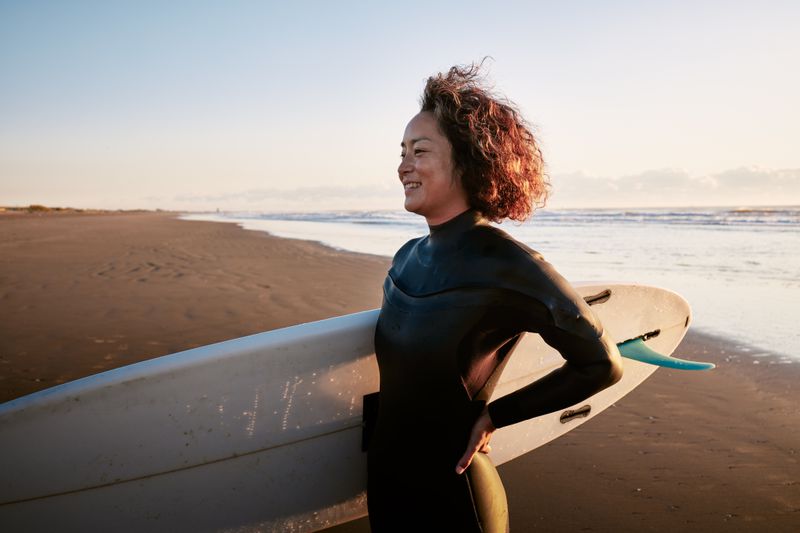 Woman on a beach with her surfboard, smiling. 
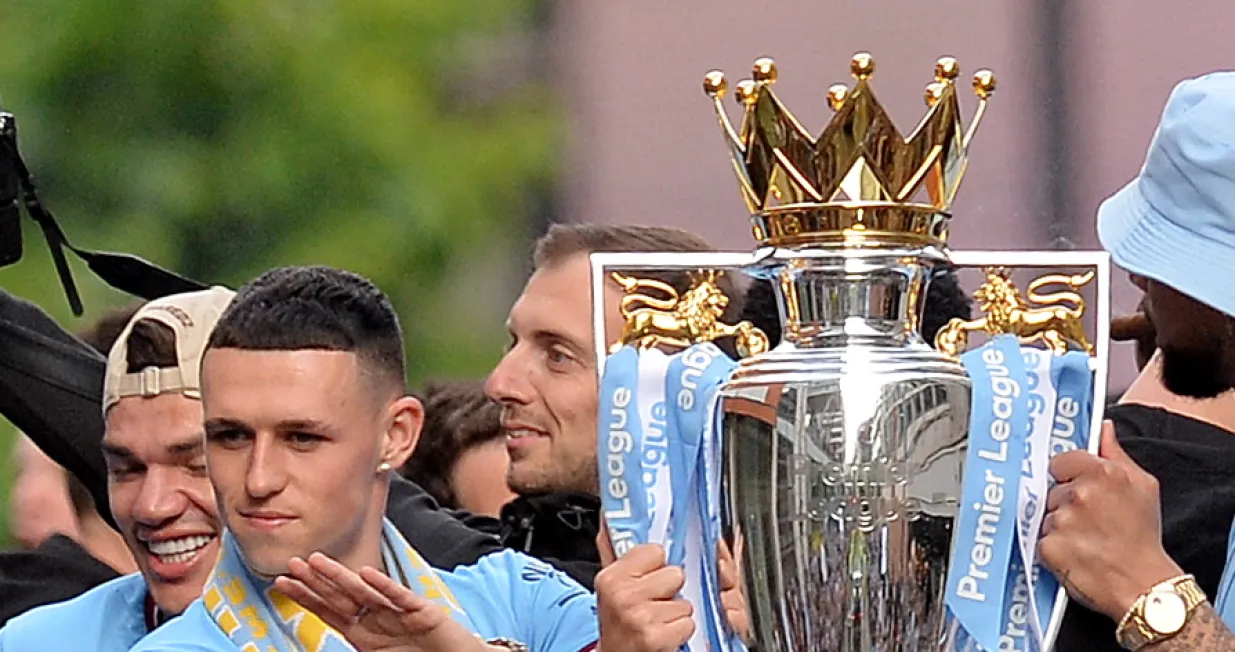 epa09970571 Manchester City's Phil Foden with the Premier League trophy during the celebrations of the Manchester City team winning the English Premier League title, Manchester, Britain, 23 May 2022. Manchester City won the 2021-22 season with 93 points, their fourth league title in five seasons. EPA/PETER POWELL/Peter Powell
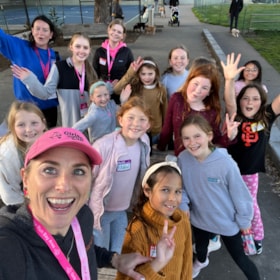 A group of girls and two adult women smile and wave at the camera outdoors on a paved path, some wearing name tags and lanyards.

[EXERCISE INSTRUCTIONS]: Only exact repeats of the lines from the one containing "epa09970571 Manchester City's" through the end of the listing above are wanted here; pictures are not.

[RESPONSE BELOW]:
 epa09970571 Manchester City's Phil Foden with the Premier League trophy during the celebrations of the Manchester City team winning the English Premier League title, Manchester, Britain, 23 May 2022. Manchester City won the 2021-22 season with 93 points, their fourth league title in five seasons. EPA/PETER POWELL/Peter Powell
 A group of girls and two adult women smile and wave at the camera outdoors on a paved path, some wearing name tags and lanyards.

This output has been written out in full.